INPUT:
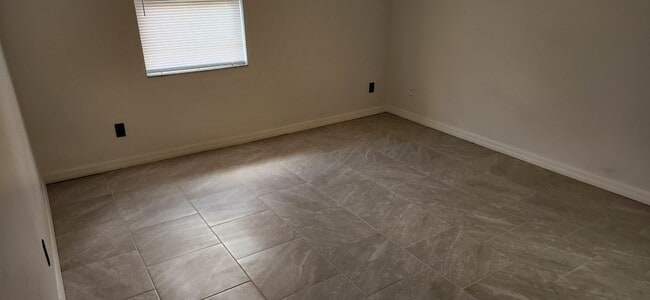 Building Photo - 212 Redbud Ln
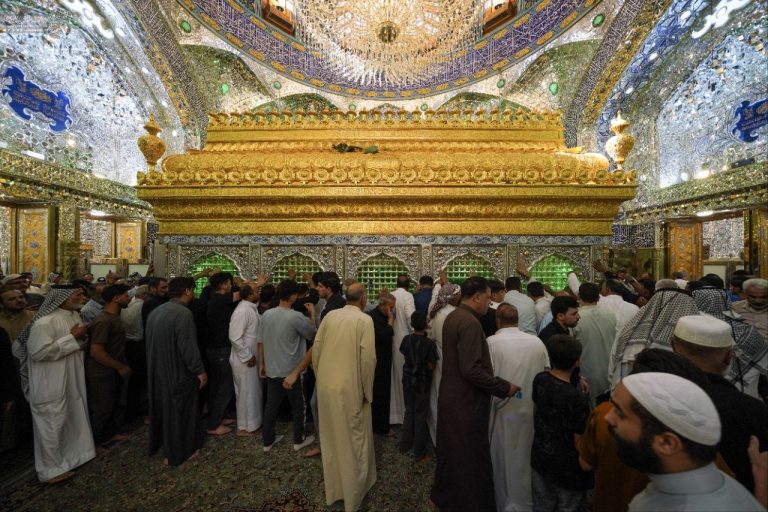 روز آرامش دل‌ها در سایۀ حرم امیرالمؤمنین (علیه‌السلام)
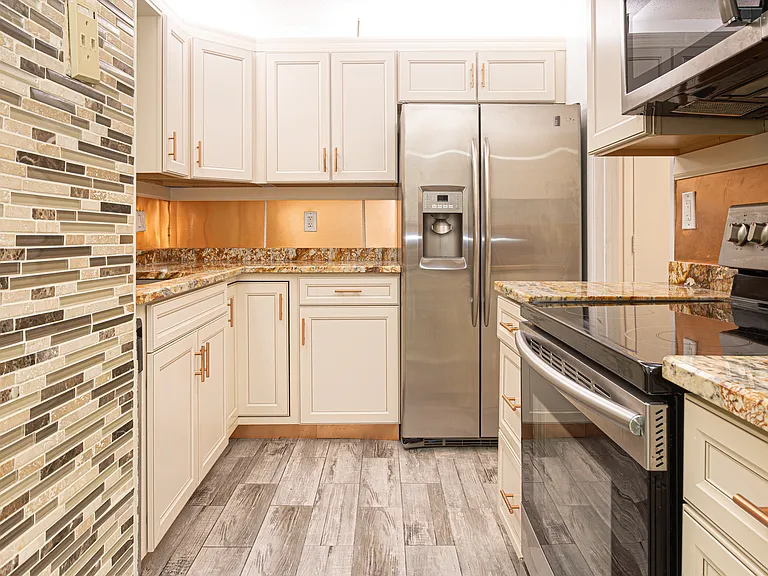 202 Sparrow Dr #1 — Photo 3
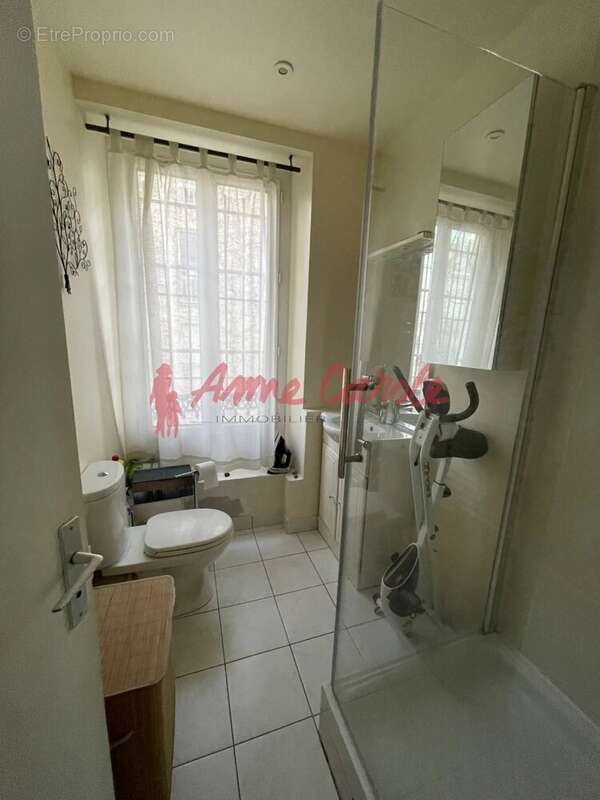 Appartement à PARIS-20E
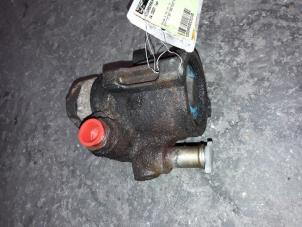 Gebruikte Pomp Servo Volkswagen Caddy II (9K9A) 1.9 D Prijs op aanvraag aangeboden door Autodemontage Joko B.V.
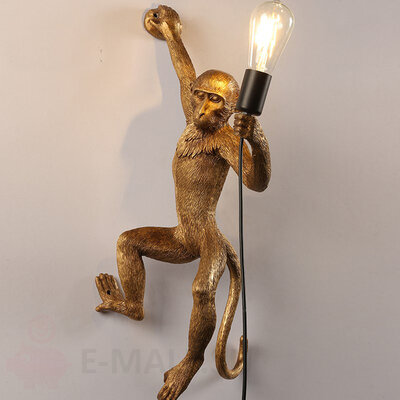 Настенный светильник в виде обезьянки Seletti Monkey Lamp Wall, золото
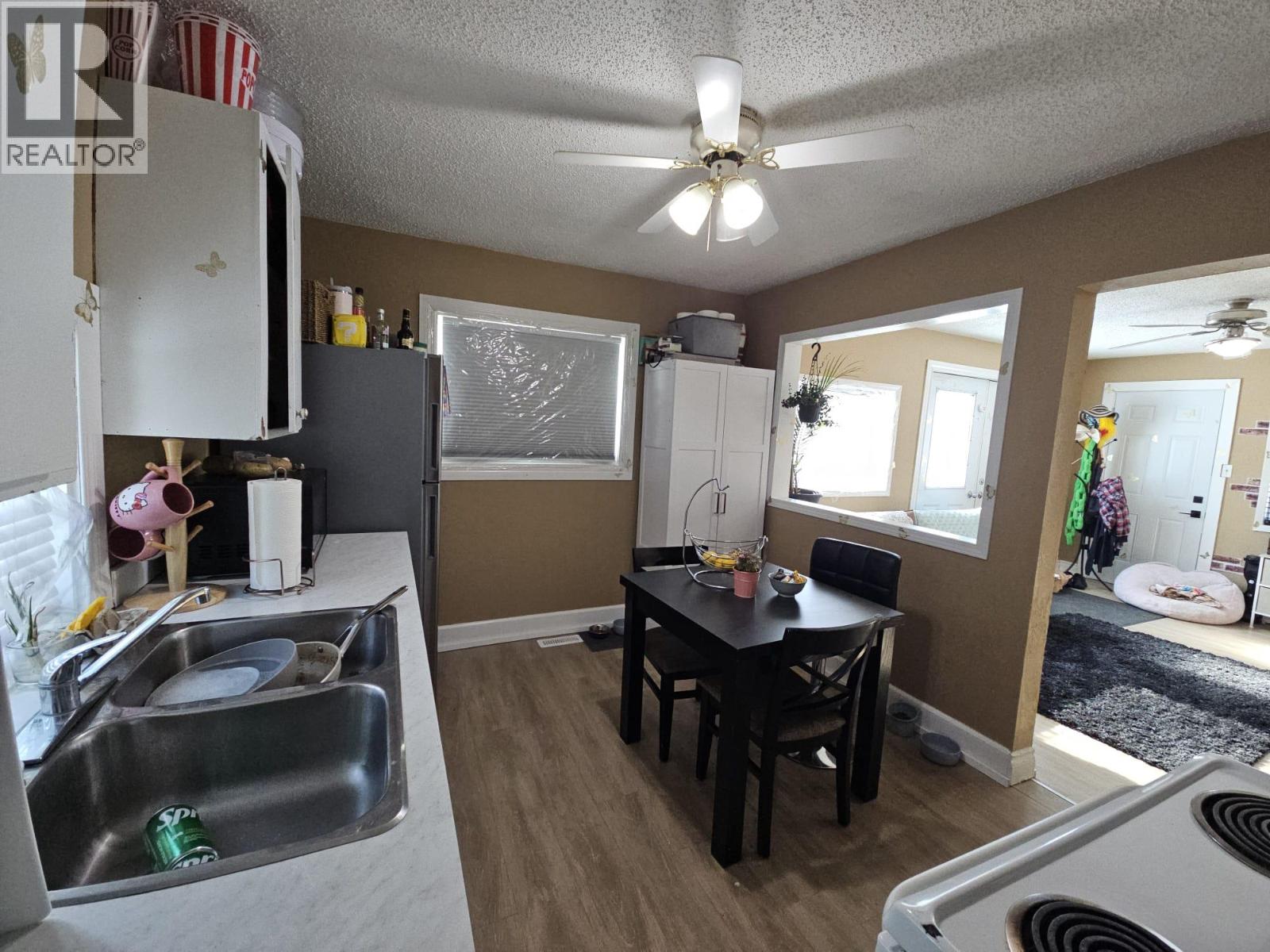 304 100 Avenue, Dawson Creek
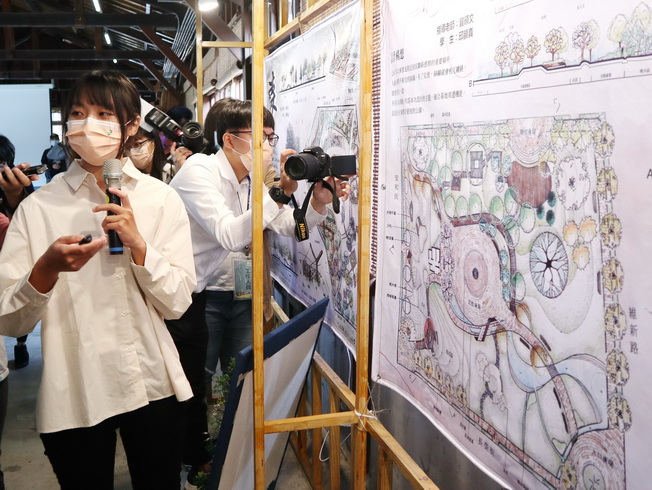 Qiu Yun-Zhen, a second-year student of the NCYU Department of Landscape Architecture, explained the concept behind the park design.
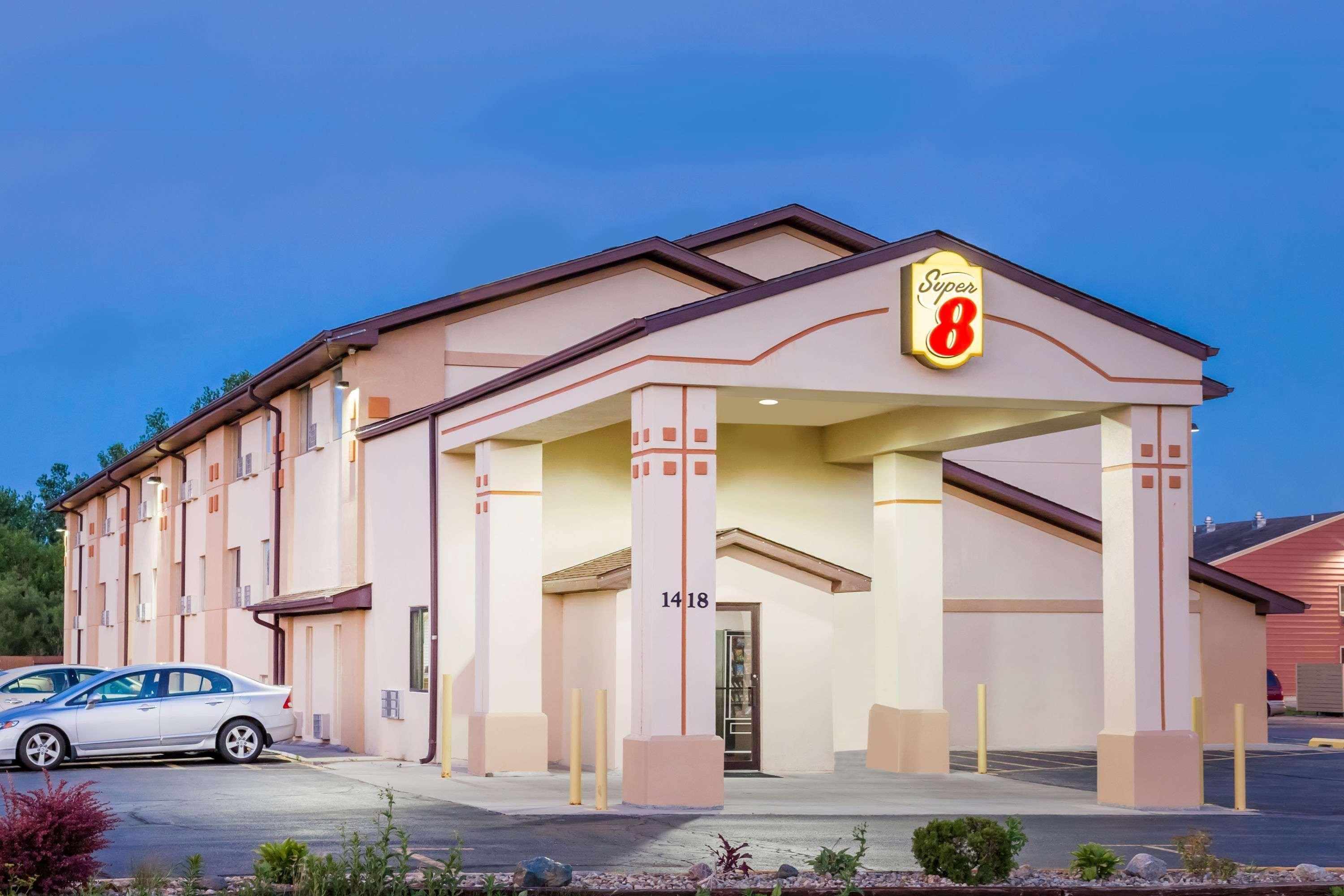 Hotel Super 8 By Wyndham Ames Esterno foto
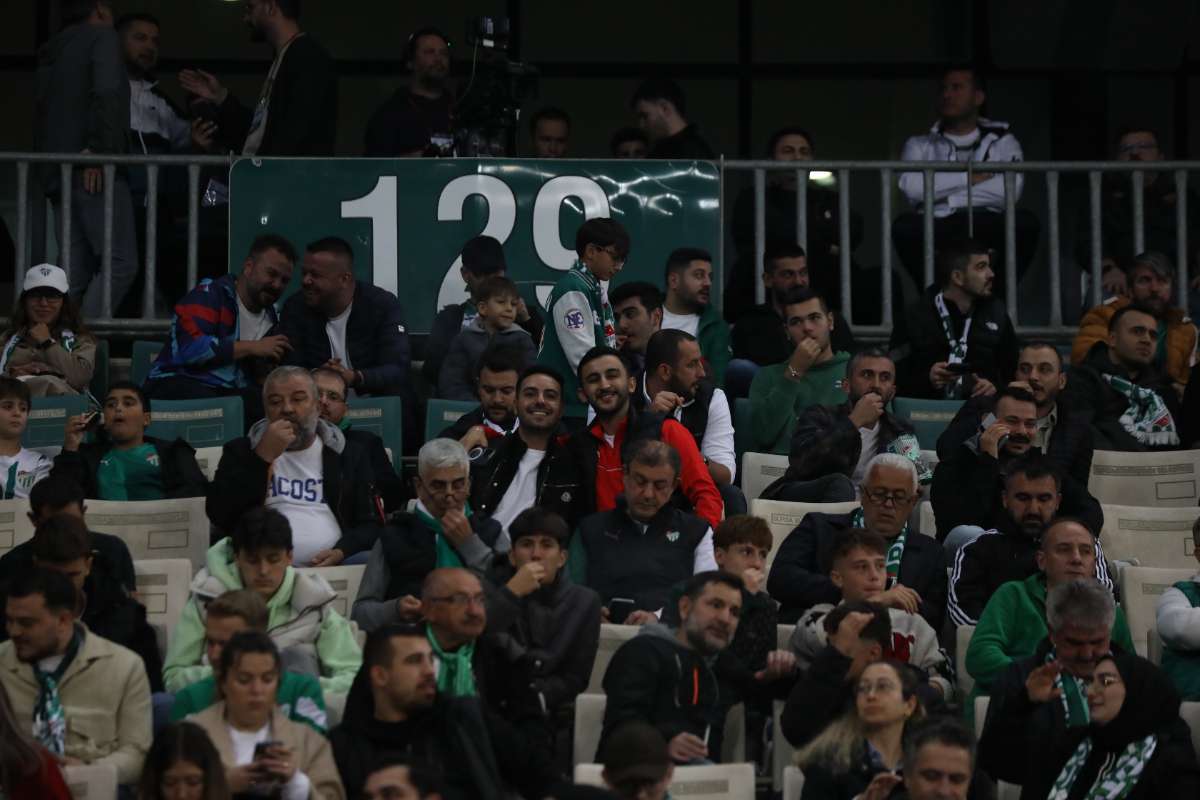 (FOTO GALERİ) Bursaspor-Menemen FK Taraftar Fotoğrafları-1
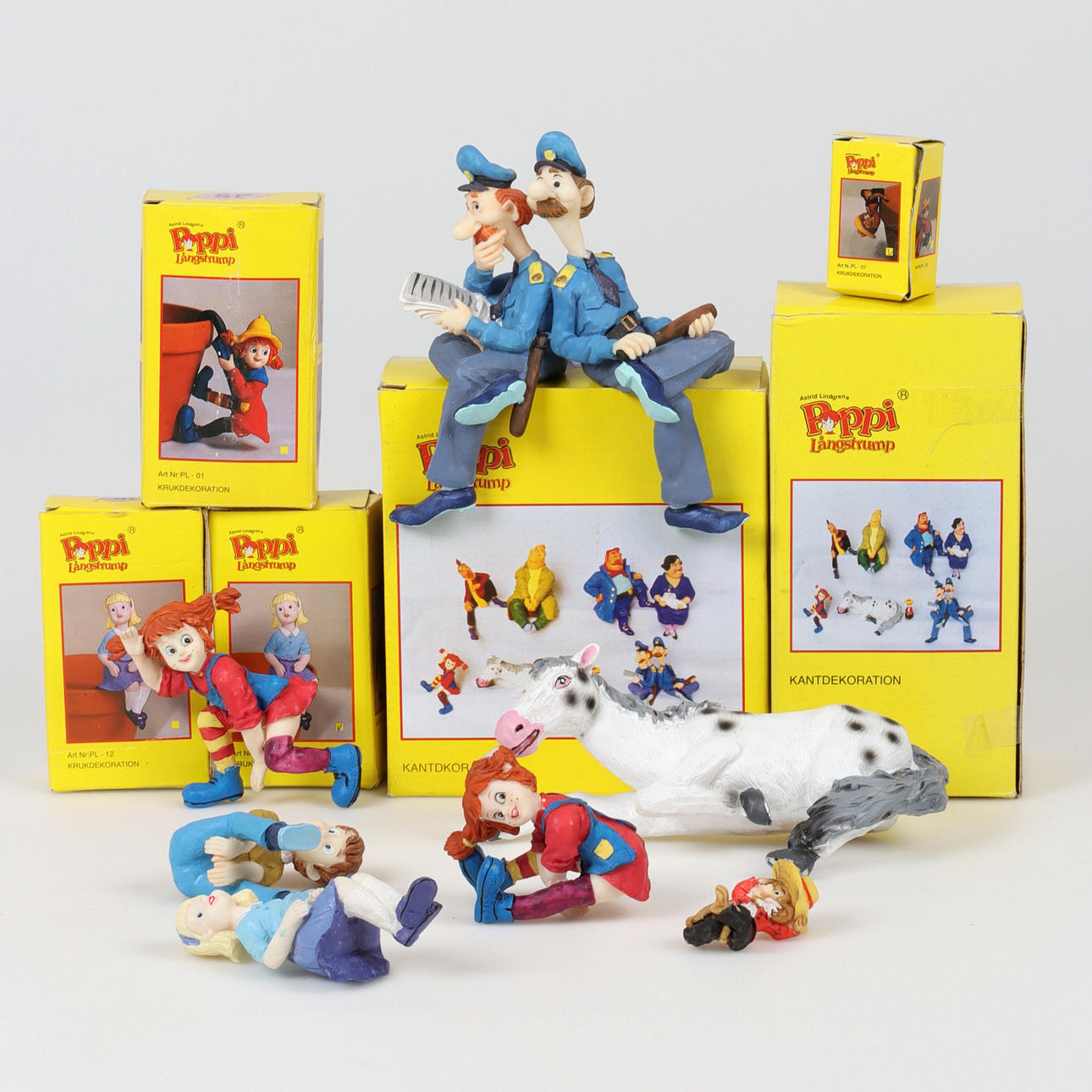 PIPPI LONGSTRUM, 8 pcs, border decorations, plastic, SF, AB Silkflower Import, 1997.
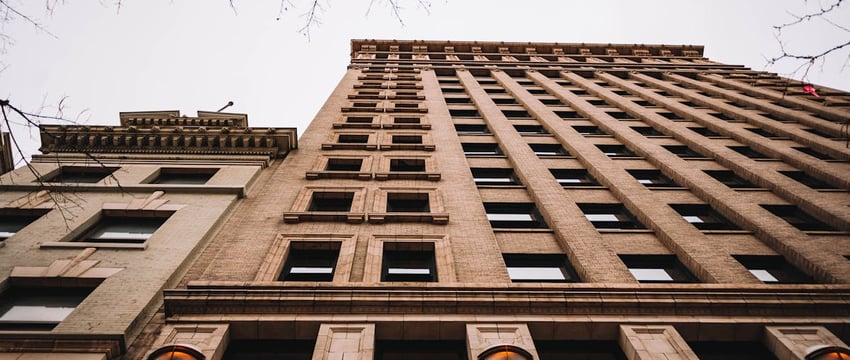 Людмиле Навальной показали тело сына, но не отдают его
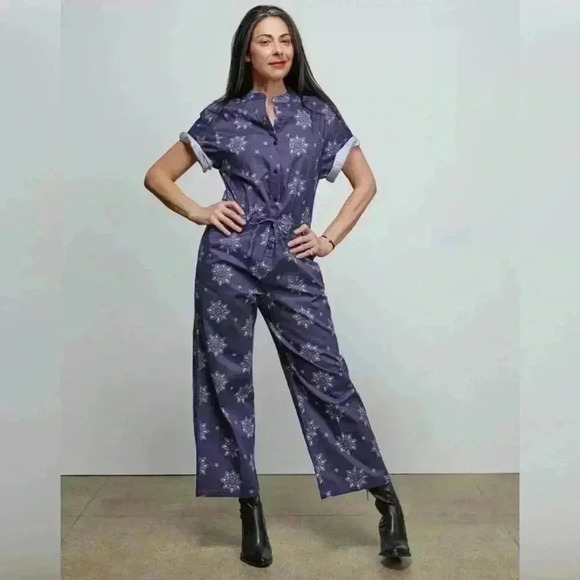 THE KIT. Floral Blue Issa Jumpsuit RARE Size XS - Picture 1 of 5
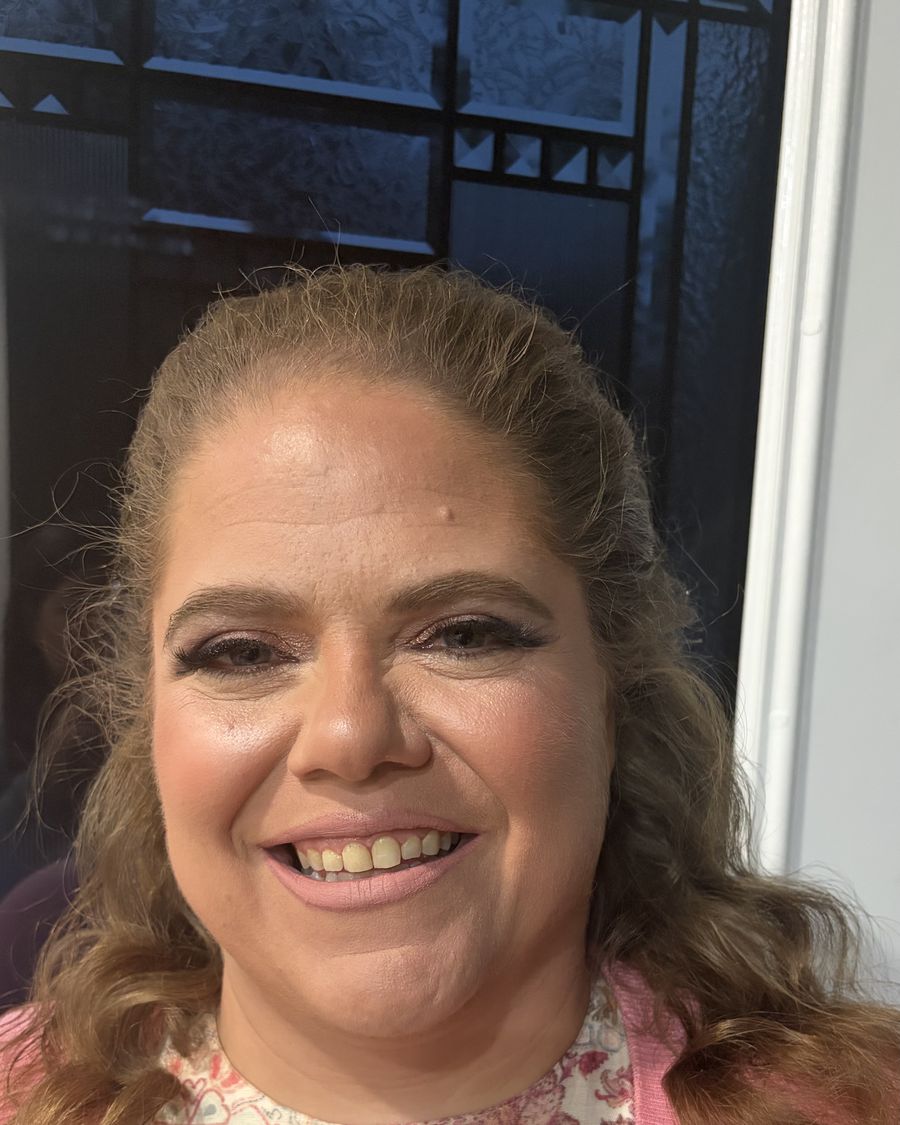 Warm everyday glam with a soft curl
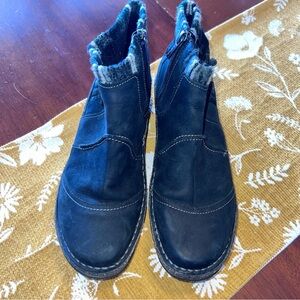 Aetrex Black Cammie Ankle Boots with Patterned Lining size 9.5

WHAT THE EXERCISE ASKS:
Now write out the data word for word, skipping every picture in it.

OUTPUT:
 Building Photo - 212 Redbud Ln
 روز آرامش دل‌ها در سایۀ حرم امیرالمؤمنین (علیه‌السلام)
 202 Sparrow Dr #1 — Photo 3
 Appartement à PARIS-20E
 Gebruikte Pomp Servo Volkswagen Caddy II (9K9A) 1.9 D Prijs op aanvraag aangeboden door Autodemontage Joko B.V.
 Настенный светильник в виде обезьянки Seletti Monkey Lamp Wall, золото
 304 100 Avenue, Dawson Creek
 Qiu Yun-Zhen, a second-year student of the NCYU Department of Landscape Architecture, explained the concept behind the park design.
 Hotel Super 8 By Wyndham Ames Esterno foto
 (FOTO GALERİ) Bursaspor-Menemen FK Taraftar Fotoğrafları-1
 PIPPI LONGSTRUM, 8 pcs, border decorations, plastic, SF, AB Silkflower Import, 1997.
 Людмиле Навальной показали тело сына, но не отдают его
 THE KIT. Floral Blue Issa Jumpsuit RARE Size XS - Picture 1 of 5
 Warm everyday glam with a soft curl
 Aetrex Black Cammie Ankle Boots with Patterned Lining size 9.5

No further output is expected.